Mogal Harveshp D, Howard-McNatt Marissa, Dodson Rebecca, Fino Nora F, Clark Clancy J
Division of Surgical Oncology, Department of General Surgery, Wake Forest University Baptist Medical Center, Medical Center Blvd., Winston-Salem, NC, 27157, USA.
Department of Biostatistical Sciences, Wake Forest University Baptist Medical Center, Winston-Salem, NC, USA.
Support Care Cancer. 2017 May;25(5):1431-1438. doi: 10.1007/s00520-016-3539-x. Epub 2016 Dec 16.
Factors associated with lower health-related quality of life (HRQOL) among older African American (AA) breast cancer survivors (BCS) have not been elucidated.
Using the Surveillance, Epidemiology, and End Results-Medicare Health Outcome Survey linked dataset, all resected AA BCS over 65 were identified. Using the most recent survey after diagnosis, individuals with a VR12 physical (PCS) or mental (MCS) component score 10 points lower than the median were categorized as having poor HRQOL. Univariate and multivariate (MV) analyses identified predictors of poor HRQOL.
Of 373 AA BCS (median age 74.6), median time from diagnosis to survey was 68.4 months with median follow-up of 138.6 months.
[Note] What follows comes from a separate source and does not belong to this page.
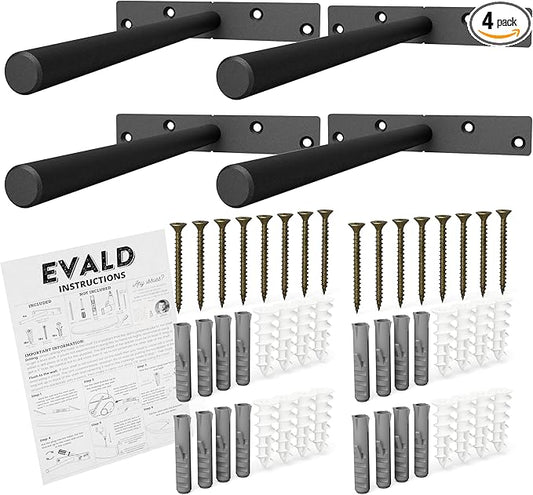 EVALD Heavy Duty Floating Shelf Bracket | 8-Inch Floating Mantel Mount, Blind Shelf Supports, and Anchors | Floating Shelf Hardware for Home and Office Decor | Fireplace Mantel Brackets (4 Pack)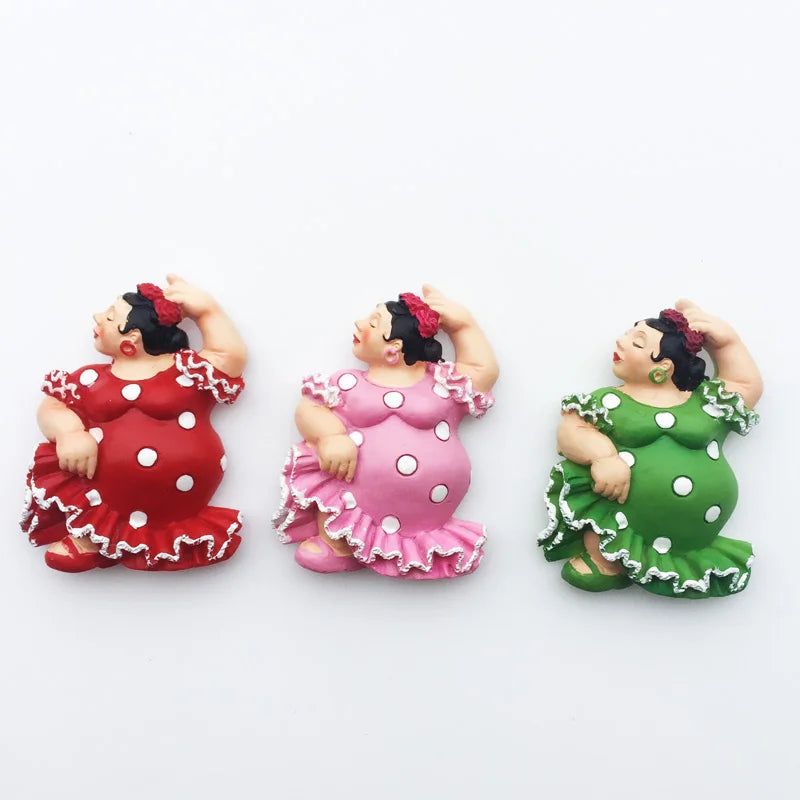 Spain Fridge Magnets Tourism Souvenir Arts and Crafts Cute Flamenco Bullfighter Magnetic Refrigerator Stickers Home Decoration - Grand Goldman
Median PCS was 35.9 (IQR 28.5-44.5) with 76 (20.1%) reporting poor PCS. Median MCS was 50.6 (IQR 41.3-59.1) with 101 (27.1%) reporting poor MCS. Predictors of poor PCS included advanced age, larger tumor size, ≥2 comorbidities, inability to perform >2 of 6 activities of daily living (ADLs), modified/radical mastectomy, infiltrating lobular carcinoma, and stage III or IV disease (all p < 0.05). Comorbidities ≥2 and inability to perform >2 of 6 ADLs (p < 0.05) predicted poor MCS. Inability to perform >2 of 6 ADLs was the only independent predictor of poor PCS (OR 10.9, 95% CI 3.0-39.3; p < 0.001) and MCS (OR 7.6, 95% CI 4.3-13.3; p < 0.001).
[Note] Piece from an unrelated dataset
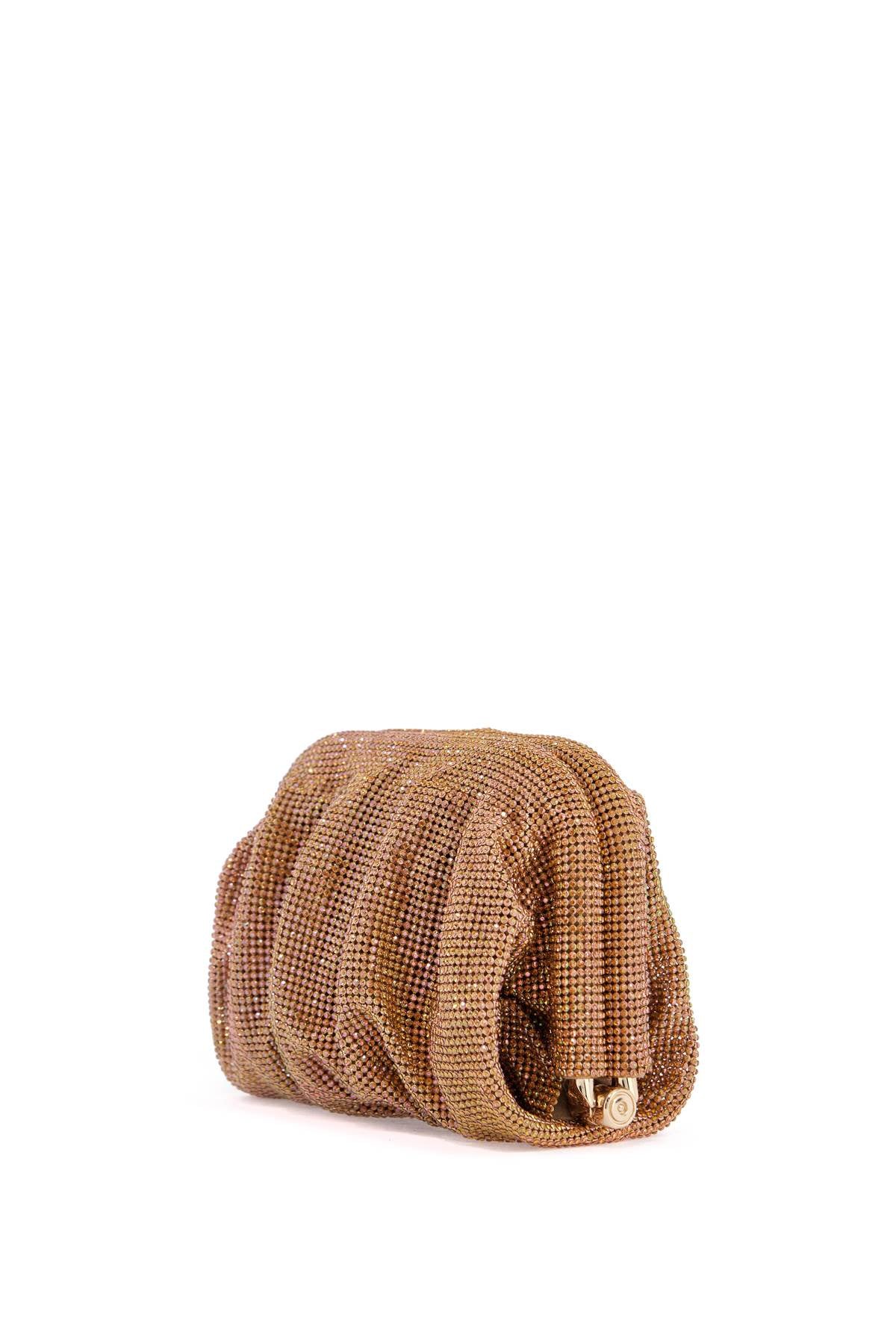 Benedetta Bruzziches La Petite Handbag In Gold Strass Mesh From The Venus Collection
In elderly AA BCS, poor HRQOL was not associated with socioeconomic status or tumor-specific factors but rather impairment in ADLs. Physical and mental HRQOL in African American breast cancer survivors is not dependent on socioeconomic or tumor-related characteristics, but rather on inability to perform ADLs.
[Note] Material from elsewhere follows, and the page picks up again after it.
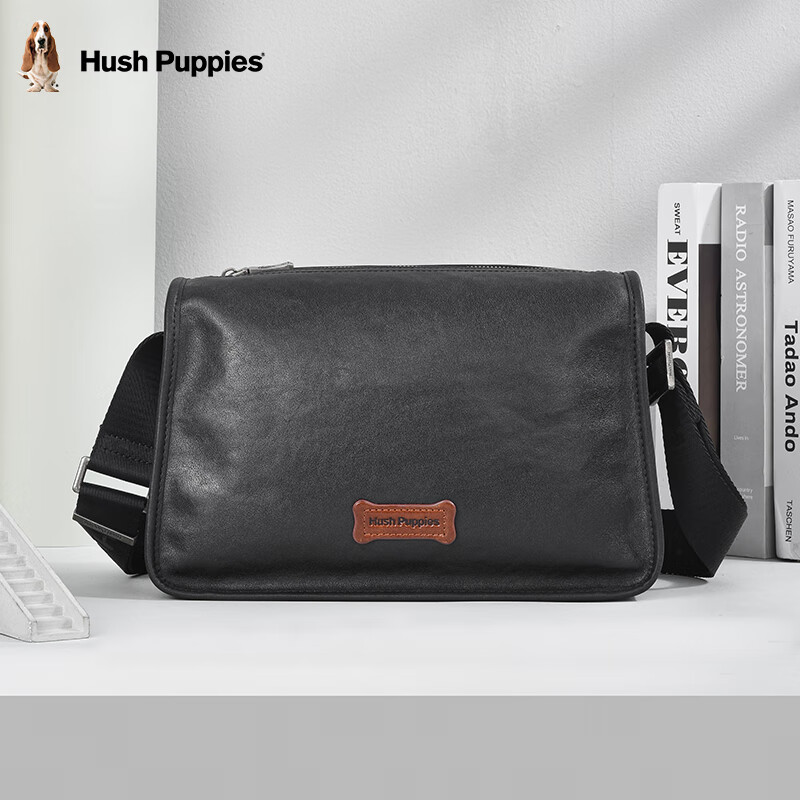 Hush Puppies Shoulder Bag for Men, Top-Grain Leather Business Commute Crossbody Bag, Large Capacity Simple Sling Bag, Birthday Gift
老年非裔美国乳腺癌幸存者中与健康相关生活质量(HRQOL)较低相关的因素尚未阐明。
使用监测、流行病学和最终结果-医疗保险健康结果调查链接数据集,确定了所有65岁以上接受手术切除的非裔美国乳腺癌幸存者。使用诊断后的最新调查,将VR12身体(PCS)或精神(MCS)成分得分比中位数低10分的个体归类为HRQOL较差。单因素和多因素(MV)分析确定了HRQOL较差的预测因素。
在373名非裔美国乳腺癌幸存者中(中位年龄74.6岁),从诊断到调查的中位时间为68.4个月,中位随访时间为138.6个月。PCS中位数为35.9(四分位间距28.5 - 44.5),76人(20.1%)报告PCS较差。MCS中位数为50.6(四分位间距41.3 - 59.1),101人(27.1%)报告MCS较差。PCS较差的预测因素包括高龄、肿瘤较大、≥2种合并症、无法完成6项日常生活活动(ADL)中的>2项、改良/根治性乳房切除术、浸润性小叶癌以及III期或IV期疾病(所有p < 0.05)。≥2种合并症和无法完成6项ADL中的>2项(p < 0.05)预测MCS较差。无法完成6项ADL中的>2项是PCS较差(比值比10.9,95%置信区间3.0 - 39.3;p < 0.001)和MCS较差(比值比7.6,95%置信区间4.3 - 13.3;p < 0.001)的唯一独立预测因素。
在老年非裔美国乳腺癌幸存者中,HRQOL较差与社会经济地位或肿瘤特异性因素无关,而是与ADL受损有关。非裔美国乳腺癌幸存者的身体和精神HRQOL不依赖于社会经济或肿瘤相关特征,而是取决于无法完成ADL。